Upon review of a determination rendered after a nonjury trial, this Court's authority "is as broad as that of the trial court," and this Court may "render the judgment it finds warranted by the facts, taking into account in a close case 'the fact that the trial judge had the advantage of seeing the witnesses' " (Northern Westchester Professional Park Assoc. v Town of Bedford, 60 NY2d 492, 499 [1983], quoting York Mtge. Corp. v Clotar Constr. Corp., 254 NY 128, 133-134 [1930]; see Damianos Realty Group, LLC v Fracchia, 64 AD3d 537, 538 [2009]). Moreover, "in a nonjury trial, evaluating the credibility of the respective witnesses and determining which of the proffered items of evidence are most credible are matters committed to the trial court's sound discretion" (Ivani v Ivani, 303 AD2d 639, 640 [2003]). Conversion is defined as "an intentional act of domination or control over a chattel which so seriously interferes with the right of another to control it that the actor may justly be required to pay the . . . full value of the chattel" (Thyroff v Nationwide Mut. Ins. Co., 8 NY3d 283, 288 [2007] [internal quotation marks and citation omitted] ). [*2]

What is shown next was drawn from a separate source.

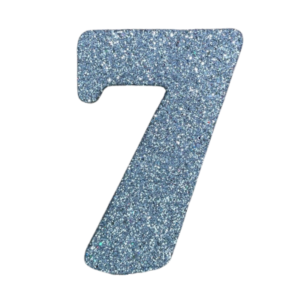 NÚMERO GRANDE LISO TELGOPOR PLATEADO 7 (9,5cm x3) FyM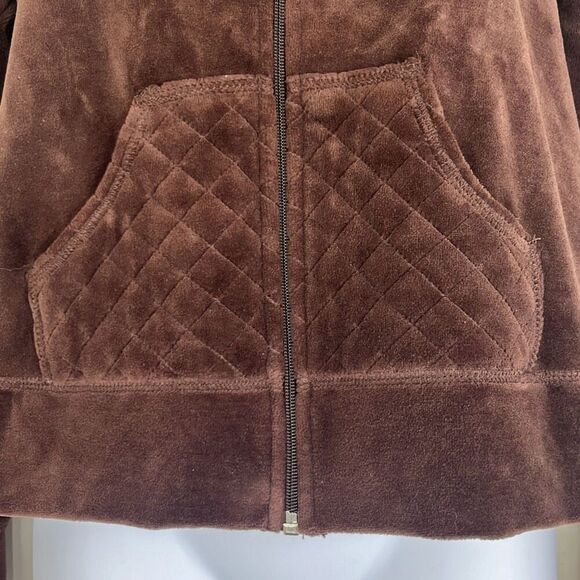 Oleg Cassini Sport Small Full Zip Front Jacket Brown Velour Pockets Y2K Active - Picture 5 of 9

Based upon our review of the evidence, including the testimony of the plaintiff, her son, and Chifari, we find that the Supreme Court properly determined that the defendants were liable for conversion of the plaintiff's six dining room chairs (see Lerner v Ayervais, 66 AD3d 644 [2009]).

Contrary to the defendants' contention, the Supreme Court properly accepted the appraisal valuation of the six chairs offered by the plaintiff's expert witness, even though the expert was unable to examine the subject chairs. A value may be placed upon missing property even though the appraiser never saw the property, as long as the valuation has a substantial factual basis (see Generale Bank v Bell Sec., Inc., 21 AD3d 844, 845 [2005]). Moreover, evidence of the value of a missing item may be based upon a comparison to similar existing items (see Friedman v Breslin, 51 App Div 268 [1900], affd 169 NY 574 [1901]).

Accordingly, under the circumstances of this case, the Supreme Court properly held Guida liable for the damages incurred by the plaintiff as a result of the conversion of the chairs (see Ingram v Machel & Jr. Auto Repair, 148 AD2d 324, 325 [1989]). Dillon, J.P., Balkin, Eng and Chambers, JJ., concur.